- Problem requirements: An acceptable answer repeats exactly the line containing "Business Cards b-type" and all lines that follow it in the listing below, and it includes no pictures.

- Supplied material:
[Start of section]
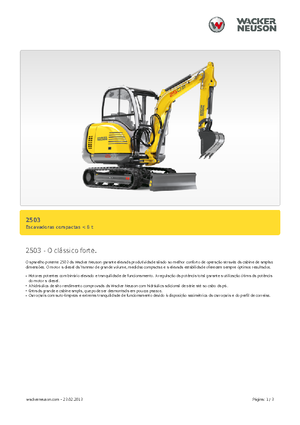 मिनी एक्सकेवेटर Neuson 2503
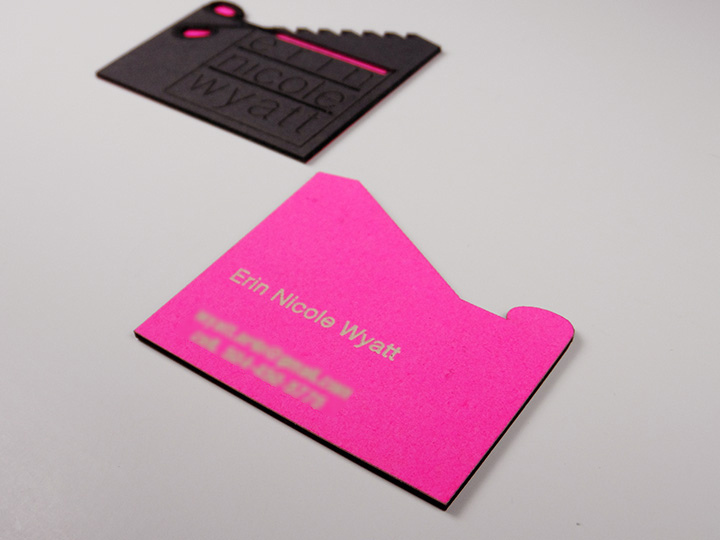 Business Cards b-type design Stationary design laser cutting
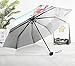 Estwell Travel Compact Art Umbrella Lightweight Foldable Windproof UV Protection Sun Rain Umbrella for Women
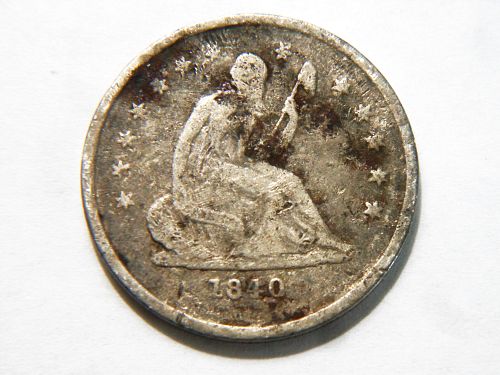 1840-O (No Drapery) Silver Seated Liberty Quarter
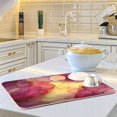 thumbnail image 6 of Dish Drying Mat Kitchen Pad Large Counter Absorbent Dish Mats Drainer Red Marble Pattern, 6 of 8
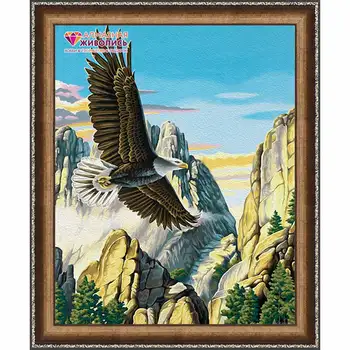 

"Mountain Eagle" rhinestone painting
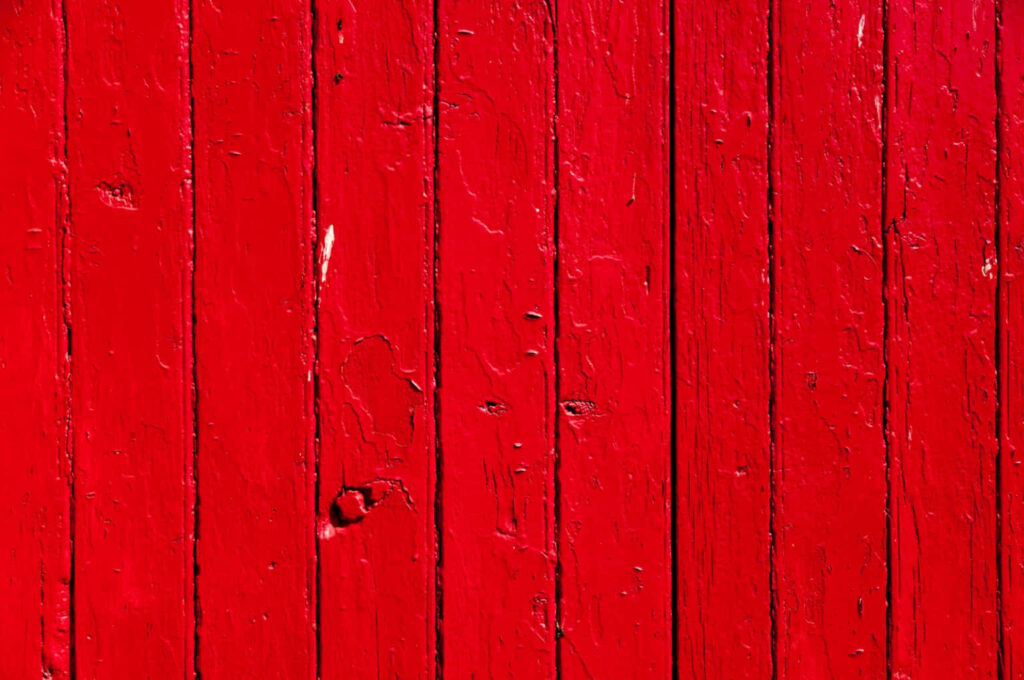 Vibrant Red Wooden Wall Texture - Rustic Bold Wallpaper Background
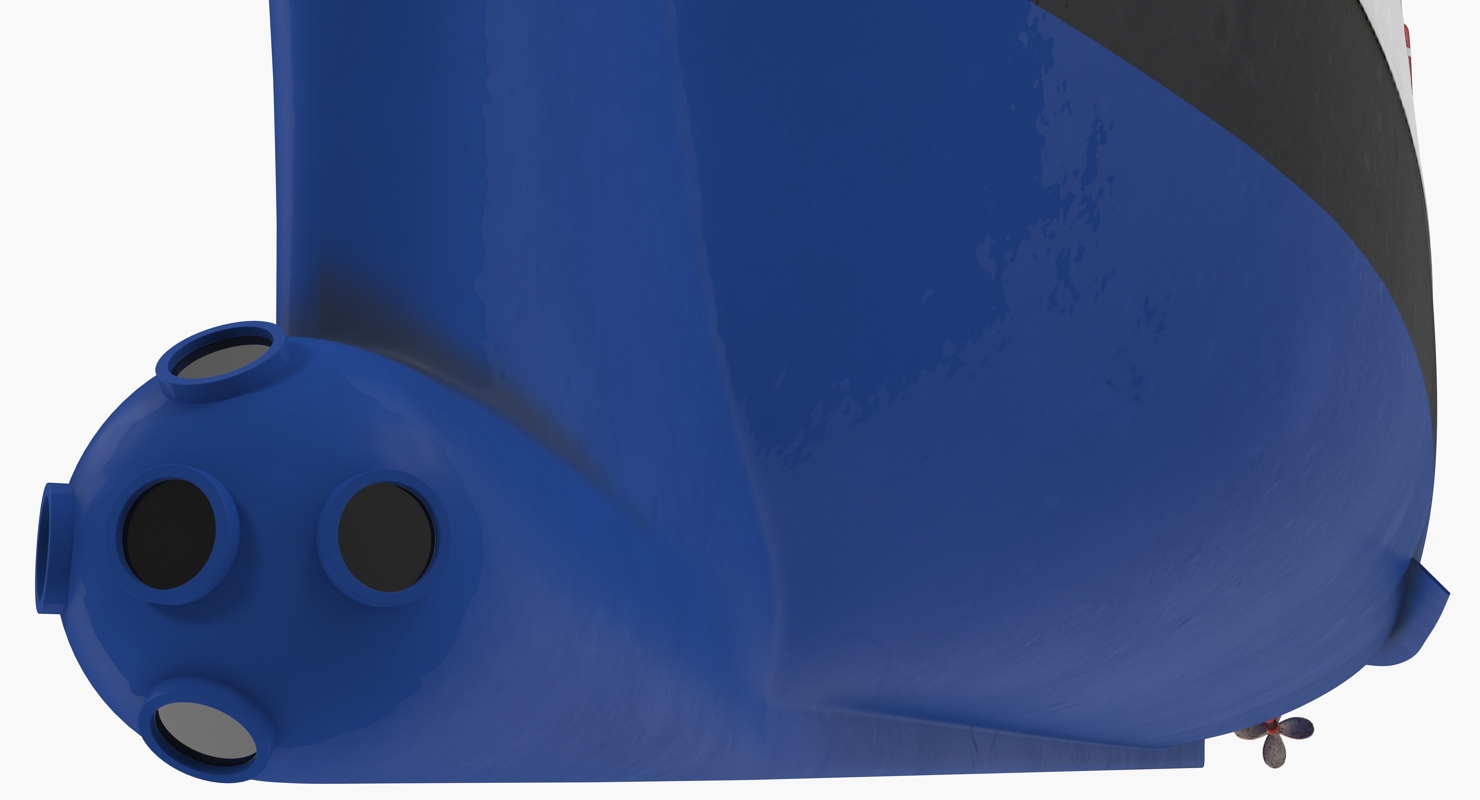 3D Old Scientific Research Vessel with Helicopter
[End of section]
- Output:
 Business Cards b-type design Stationary design laser cutting
 Estwell Travel Compact Art Umbrella Lightweight Foldable Windproof UV Protection Sun Rain Umbrella for Women
 1840-O (No Drapery) Silver Seated Liberty Quarter
 thumbnail image 6 of Dish Drying Mat Kitchen Pad Large Counter Absorbent Dish Mats Drainer Red Marble Pattern, 6 of 8

"Mountain Eagle" rhinestone painting
 Vibrant Red Wooden Wall Texture - Rustic Bold Wallpaper Background
 3D Old Scientific Research Vessel with Helicopter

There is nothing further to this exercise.